Петраниха тут же отскочила от нее. Очень надо, чтобы Осадская повторила ей то, что всякий раз выкрикивала в запальчивости: пиявки, мол, ненасытные, процентщики, такие же как лихоимец корчмарь и все прочие живоглоты в округе. Однако Петраниха давно убедилась, что надо быть жадным, если хочешь выгодно пристроить своих дочерей да грозишься поставить напротив господского замка хоромы, какие во сне только могут присниться. Каждый при случае может сколотить состояние. Петраням в войну повезло, стало быть, война ей не помеха. Она даже не очень скрывает, что не станет горевать, если война и затянется. Ведь Петрань же молится каждое воскресенье за тех, кого взяли на фронт. Что ж, молитвой все искупится. А что теперь таких молодых забирают, так разве она виновата? Не она это придумала, так отчего бы ее мучила совесть?
Осадская опустила передник и сказала:
— Погоди, бывало, и коза волка съедала. Как миленькая вернешь цепочки, кольца да серьги. Ух, процентщица проклятая!
У обеих от ярости даже горечь подступила ко рту.
Но тут явилась наша бабушка с холма. Она несла корзинку, прикрытую чистой салфеткой.
Добрым словом она успокоила распалившихся женщин:
— Да будет вам, милые мои, в такое-то тяжкое время. Нынче о детях надо думать.
Бабушка ставит корзинку перед теткой Осадской:
— Тут кое-что для Милана на дорогу. Самый пустяк… да от души…

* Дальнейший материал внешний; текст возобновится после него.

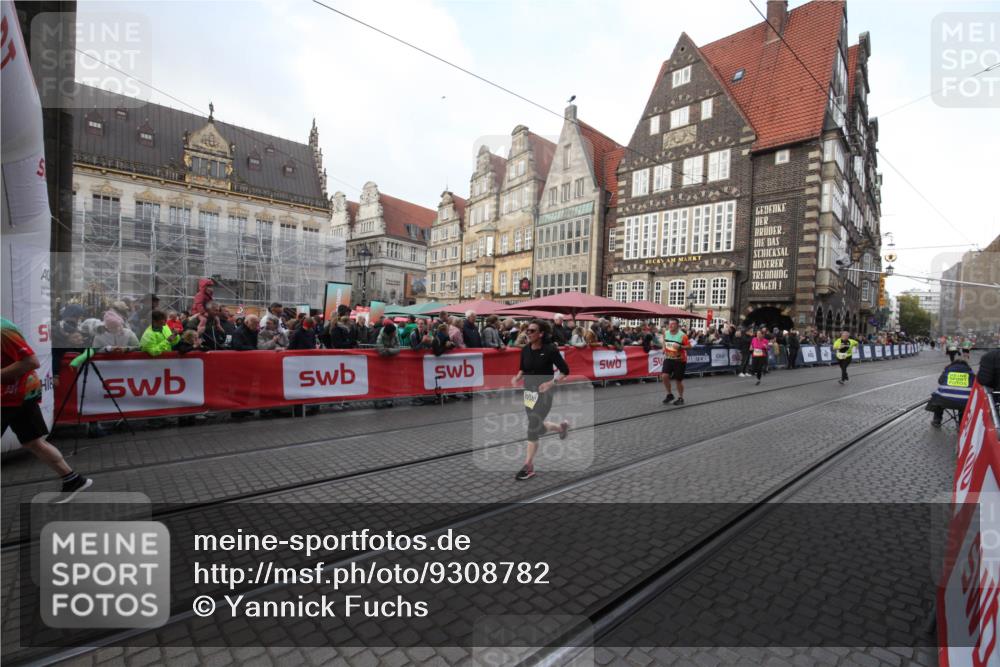 05.10.2025 - 20. swb-Marathon Bremen Yannick Fuchs http://msf.ph/oto/9308782 05.10.2025 11:07:39 Ziel 9306, 10585, 10650, 10749, 10776, 11584 meine-sportfotos.de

Тетка Осадская растроганно смотрит на бабушку. Она опускает передник и протягивает руку к корзинке. Глаза ее становятся кроткими, гнев покидает ее. Резким вздохом она как бы сметает все злое, что стоит между ней и Петранихой. В такую горькую минуту действительно надо думать только о детях. Смягчившись, она глядит на нас, как мы бродим по берегу ручья. Мы все еще маленькие по сравнению с Миланом. Но именно мы, дети, живо напоминаем ей о нем. От ее недавнего гнева остался чуть заметный след, словно легкий туман, что плывет на рассвете по долинам. Сердце судорожно сжимается от неуемного горя. Огромная слеза стекает вдоль носа ко рту. Тетка, шевельнув губами, проглатывает ее. За ней по щеке катится другая, еще больше, точно крупная капля воды.
— Ну не плачь, — утешает ее бабушка, — будь в наших силах, мы помогли бы тебе.
— О-оох… — мучительные стоны срываются с теткиных губ. — Чего только не выпадает на женскую долю. Мужа забрали, теперь сына.